Task description
In the entries that follow, find the line containing "Abakuhaus Set Copripiumino" and the line containing "Camicia Uomo Leonardo", then retype exactly the lines from the first through the second, pictures excluded.

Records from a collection
--*--

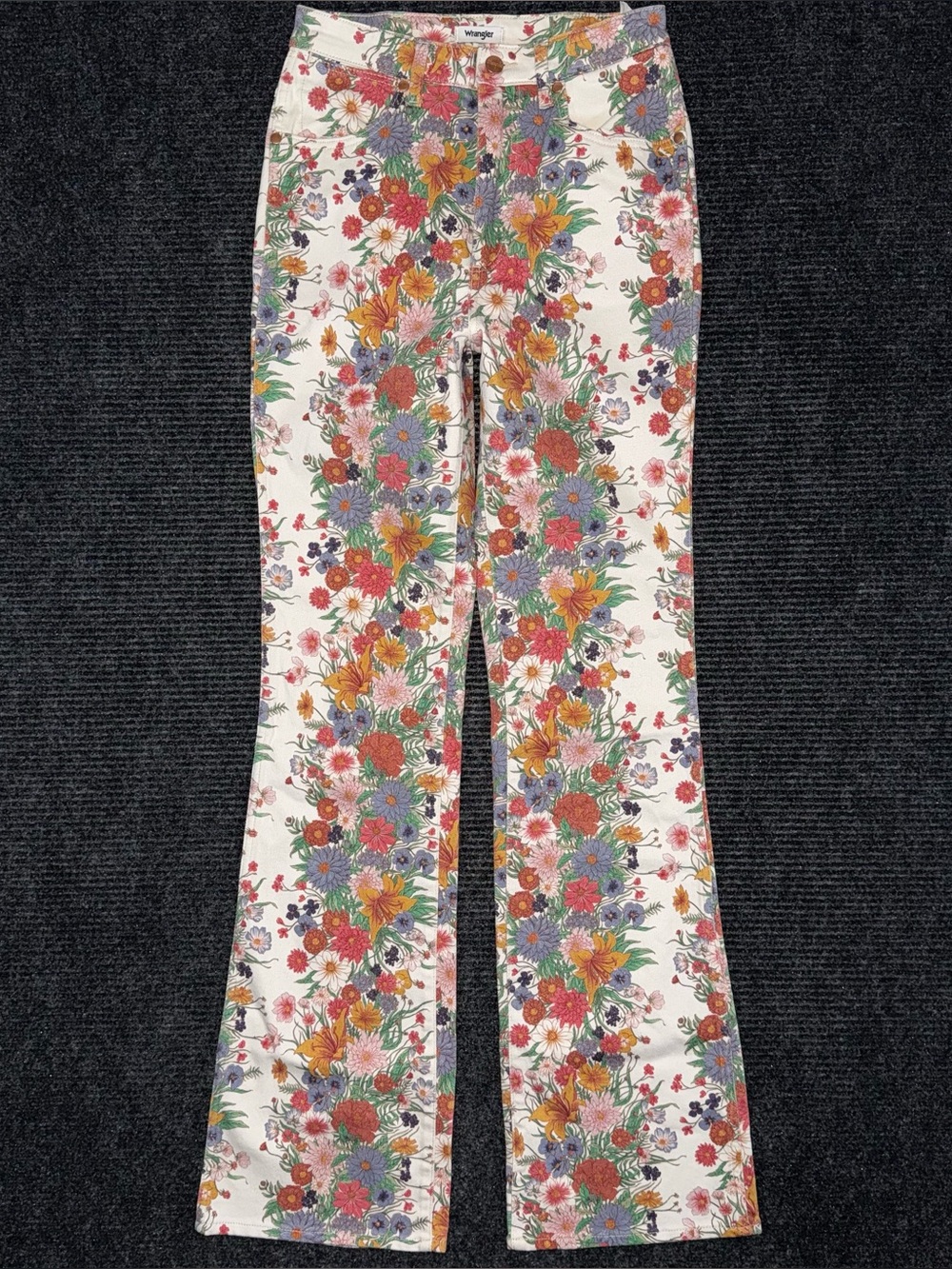 Free People x Wrangler Floral Print High Rise Bootcut Jeans 26 x 34 Western Boho - Picture 2 of 8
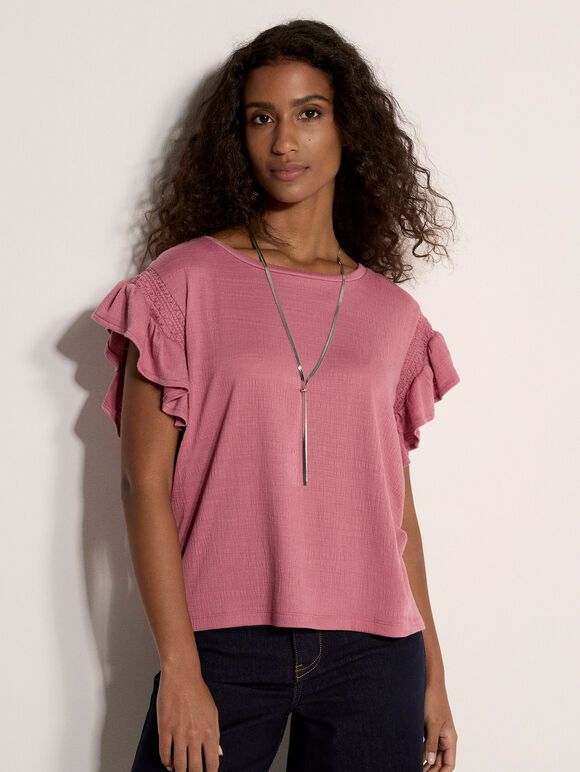 Ruffle Sleeve Textured T-Shirt, Pink, large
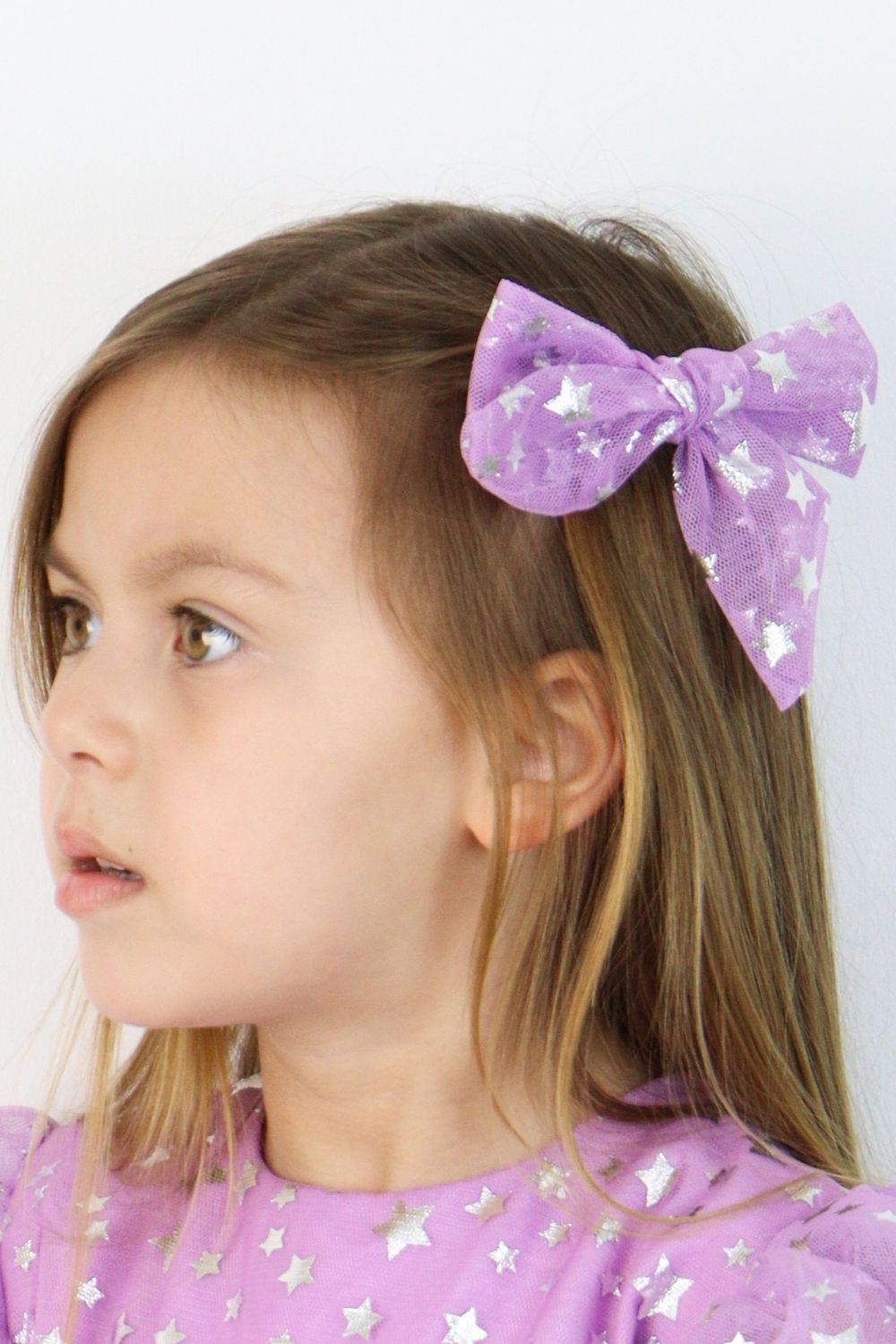 ULMB24ASGHAC006_1021_1.jpg Lilac Star Print Tulle Hair Clip for Girls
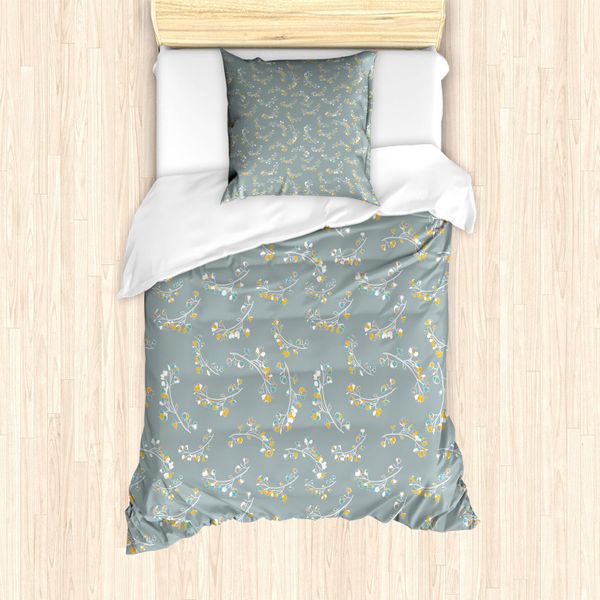 Abakuhaus Set Copripiumino Botanico Per Letti Singoli, Tema Giardino Estivo, Antiacaro, Adatto A Chi Soffre Di Allergie, Con Federa, 135 Cm X 200 Cm - 80 X 80 Cm, Multicolore-image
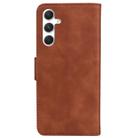 For Samsung Galaxy S25 5G Skin Feel Pure Color Flip Leather Phone Case(Brown) - 3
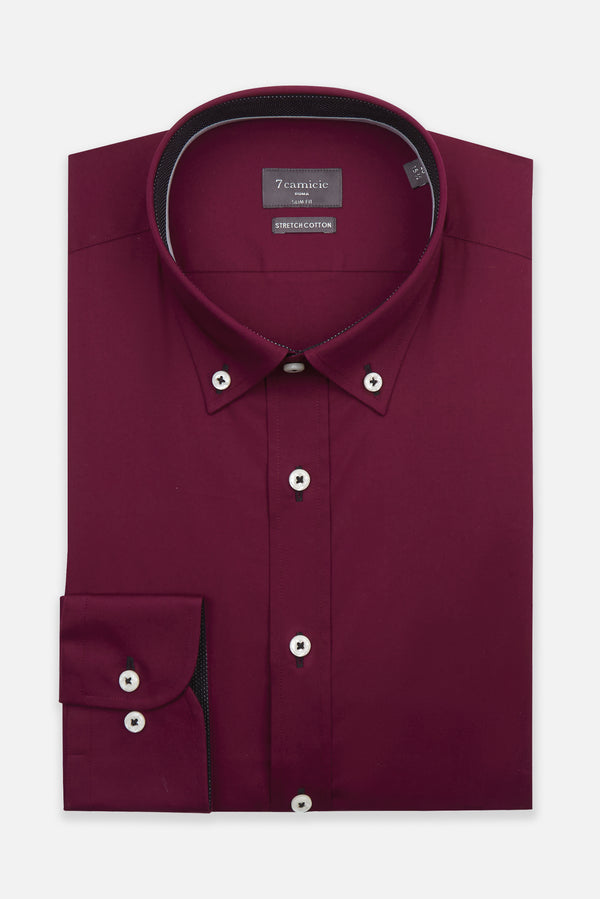 Camicia Uomo Leonardo Sport Popelin Stretch Rosso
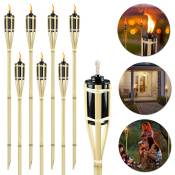 Aufun - Torche de Jardin en Bambou, Lot de 12 Torches en Bambou, Torches à Huile pour l'Extérieur, Torches d'Extérieur avec Mèche de Rechange, Lampe
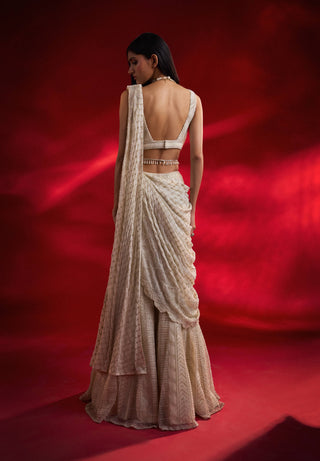 Veronica Ivory Drape Sharara And Blouse by Charu & Vasundhara available on Indiaspopup.com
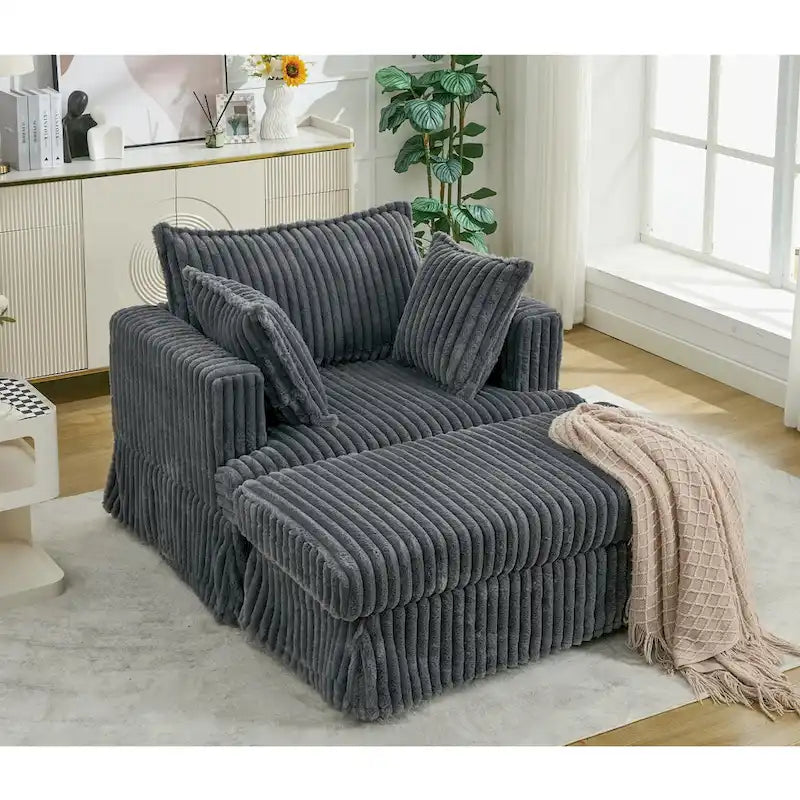 Dark Gray Modern 47.8" Upholstered Oversized Chaise Longue with Ottoman and Pillows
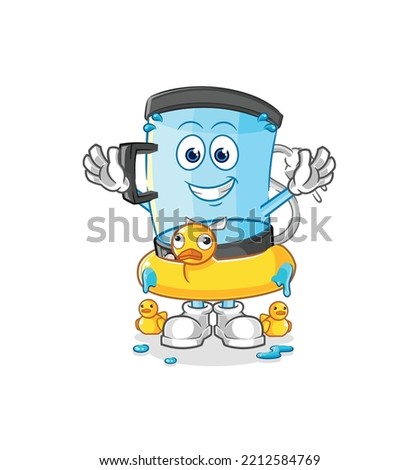 the blender with duck buoy cartoon. cartoon mascot vector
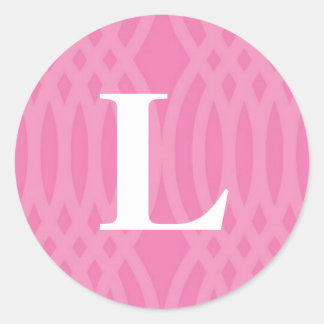 織り華美モノグラム – 文字L ラウンドシール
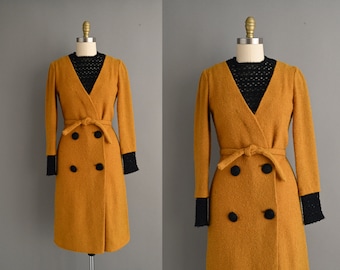 1960s inspired dress  | Cozy Mustard textured Long Sleeve Fall Dress | Medium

--*--

Finished task
 Abakuhaus Set Copripiumino Botanico Per Letti Singoli, Tema Giardino Estivo, Antiacaro, Adatto A Chi Soffre Di Allergie, Con Federa, 135 Cm X 200 Cm - 80 X 80 Cm, Multicolore-image
 For Samsung Galaxy S25 5G Skin Feel Pure Color Flip Leather Phone Case(Brown) - 3
 Camicia Uomo Leonardo Sport Popelin Stretch Rosso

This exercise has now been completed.